§ **Aim of the exercise**
One part of the entries below is wanted: the lines from the one containing "The first thing" through the one containing "Environmental controls protect". Write those out exactly and nothing else.

§ **Provided records**
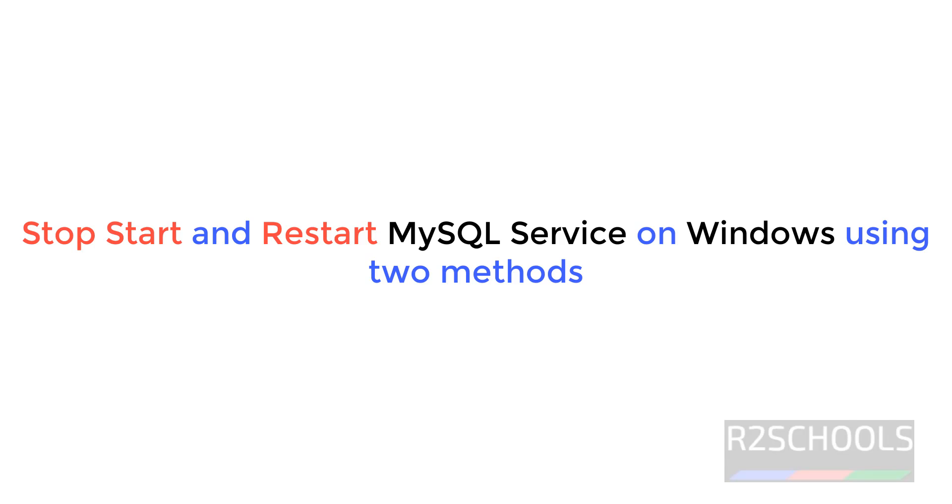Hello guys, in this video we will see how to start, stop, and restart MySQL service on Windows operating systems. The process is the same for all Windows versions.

---

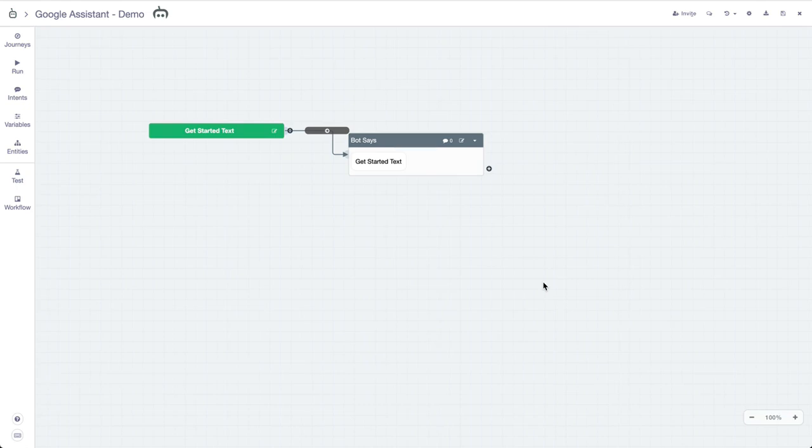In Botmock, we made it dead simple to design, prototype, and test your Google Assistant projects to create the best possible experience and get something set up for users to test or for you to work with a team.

...

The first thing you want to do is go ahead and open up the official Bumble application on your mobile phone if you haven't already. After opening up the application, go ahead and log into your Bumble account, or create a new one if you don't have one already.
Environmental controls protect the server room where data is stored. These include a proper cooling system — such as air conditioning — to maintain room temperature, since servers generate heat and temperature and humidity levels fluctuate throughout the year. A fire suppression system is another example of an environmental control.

§ **Solved exercise**
The first thing you want to do is go ahead and open up the official Bumble application on your mobile phone if you haven't already. After opening up the application, go ahead and log into your Bumble account, or create a new one if you don't have one already.
Environmental controls protect the server room where data is stored. These include a proper cooling system — such as air conditioning — to maintain room temperature, since servers generate heat and temperature and humidity levels fluctuate throughout the year. A fire suppression system is another example of an environmental control.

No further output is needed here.